#### EXERCISE INSTRUCTIONS
Print, exactly as they stand, the lines below from the one that has "Detalle 2 de" to the one that has "TN license plate Z5432L", inclusive, leaving out the pictures.

#### EXTRACTED ENTRIES
▬▬▬

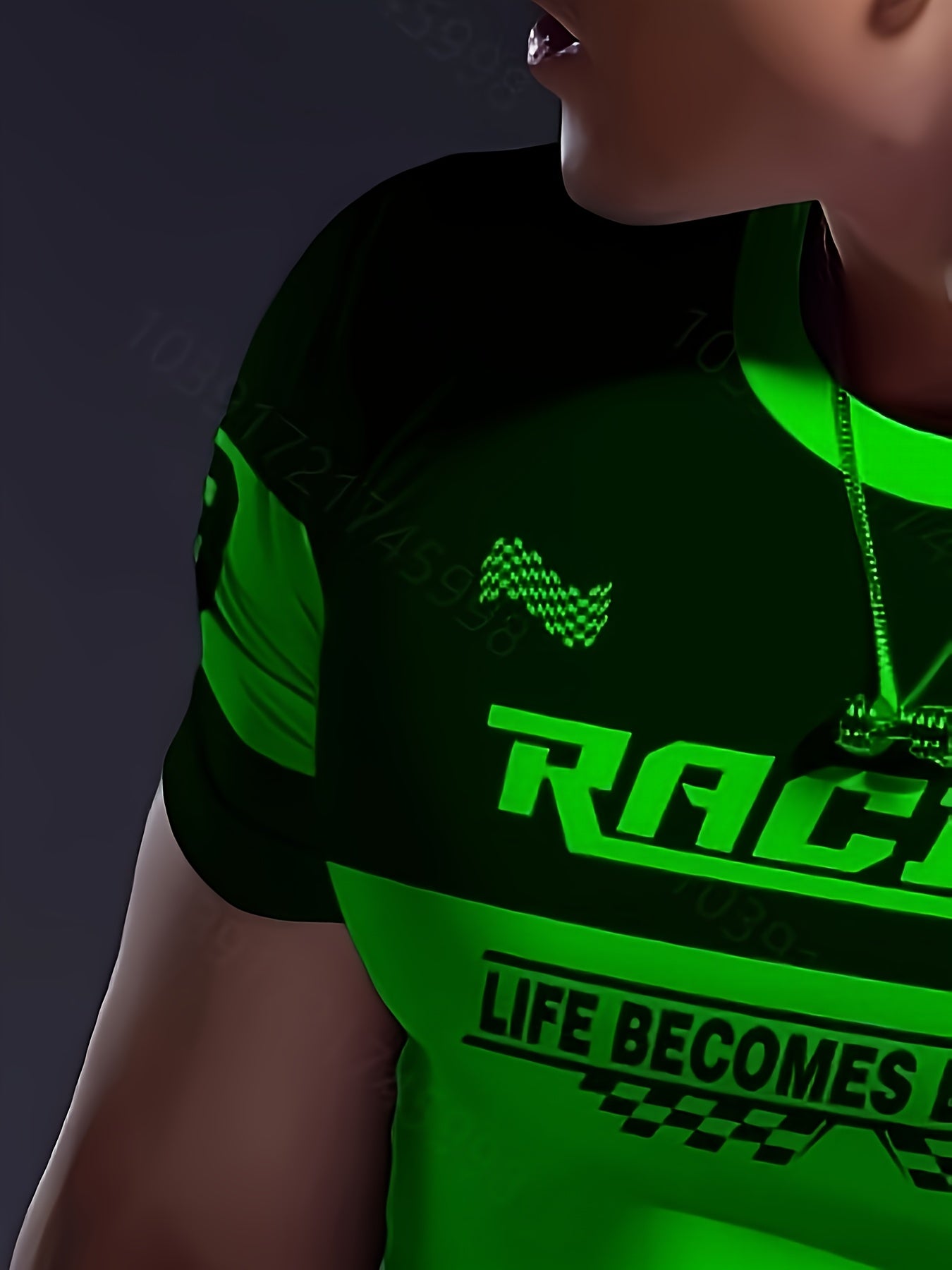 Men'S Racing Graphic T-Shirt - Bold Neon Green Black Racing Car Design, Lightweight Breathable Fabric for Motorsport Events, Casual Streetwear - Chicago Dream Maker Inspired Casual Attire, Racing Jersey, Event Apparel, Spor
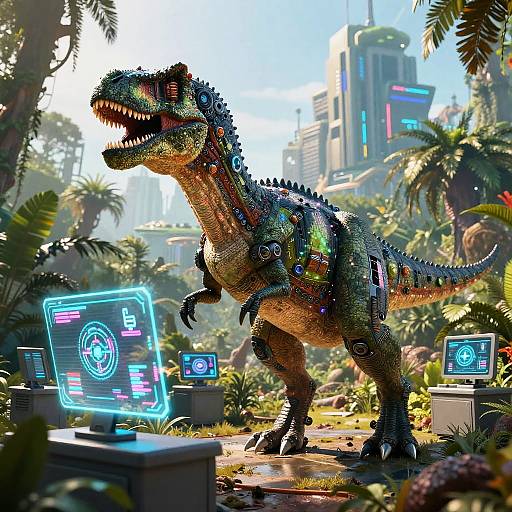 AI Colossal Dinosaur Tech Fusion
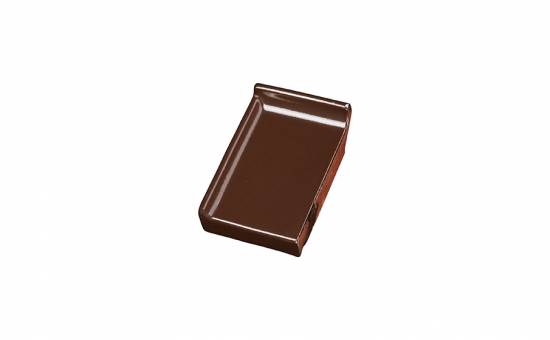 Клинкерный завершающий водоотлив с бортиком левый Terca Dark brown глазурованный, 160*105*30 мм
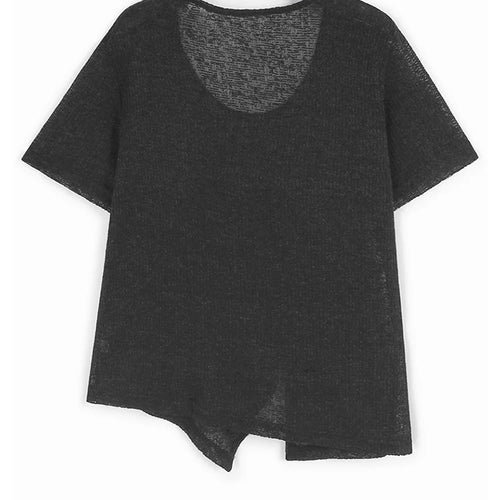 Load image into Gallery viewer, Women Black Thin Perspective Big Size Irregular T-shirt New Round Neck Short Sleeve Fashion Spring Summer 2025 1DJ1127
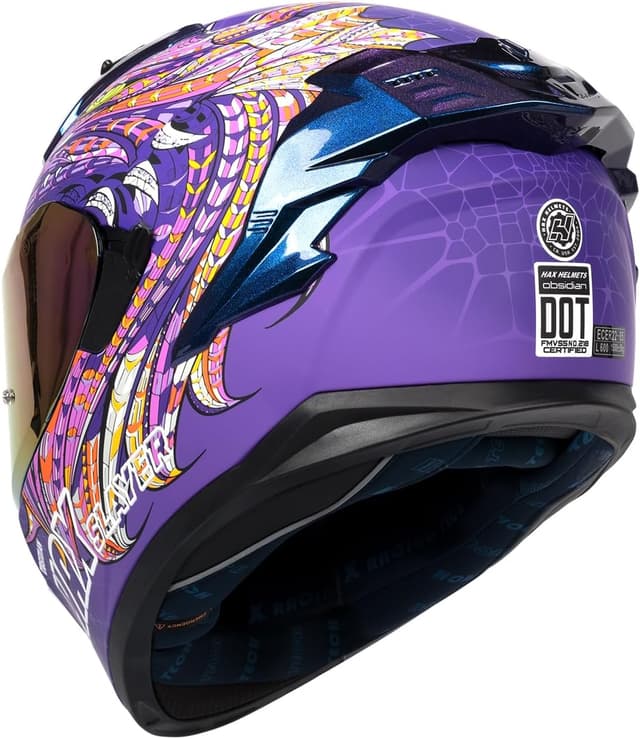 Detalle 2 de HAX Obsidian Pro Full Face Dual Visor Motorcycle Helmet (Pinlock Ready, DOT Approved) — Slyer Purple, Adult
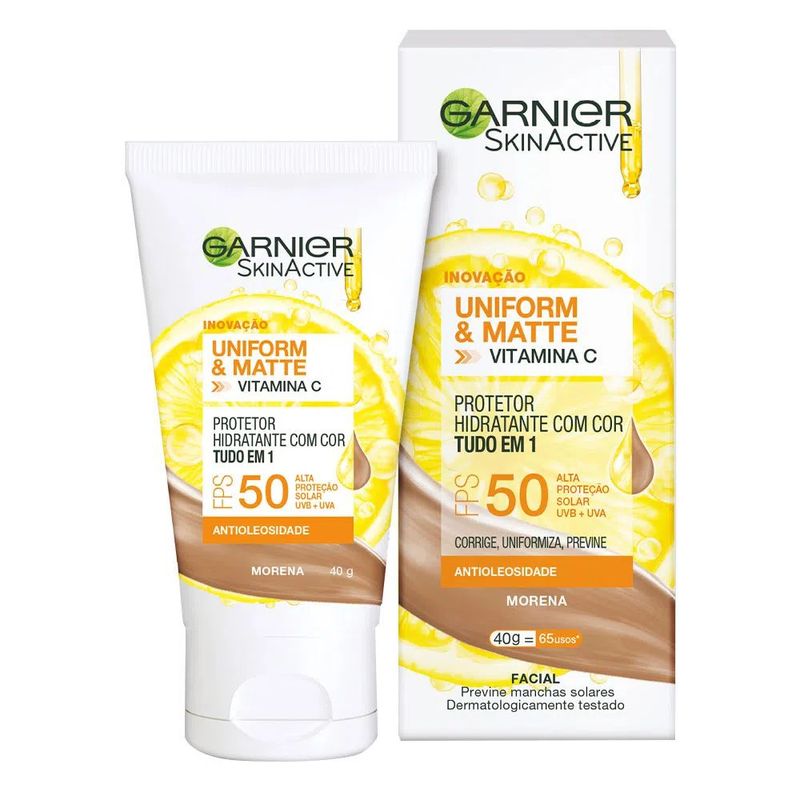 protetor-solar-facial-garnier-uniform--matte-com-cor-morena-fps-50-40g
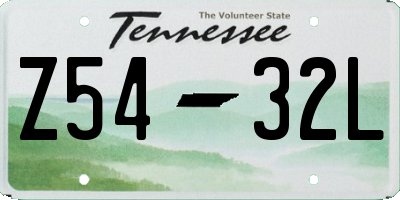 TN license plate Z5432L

▬▬▬

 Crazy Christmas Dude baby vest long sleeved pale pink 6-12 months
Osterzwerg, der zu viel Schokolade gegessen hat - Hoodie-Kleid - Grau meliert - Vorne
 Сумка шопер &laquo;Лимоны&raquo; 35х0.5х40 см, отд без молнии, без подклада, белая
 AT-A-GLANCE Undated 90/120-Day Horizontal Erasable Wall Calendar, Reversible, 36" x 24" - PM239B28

▬▬▬

#### RESPONSE
 Detalle 2 de HAX Obsidian Pro Full Face Dual Visor Motorcycle Helmet (Pinlock Ready, DOT Approved) — Slyer Purple, Adult
 protetor-solar-facial-garnier-uniform--matte-com-cor-morena-fps-50-40g
 TN license plate Z5432L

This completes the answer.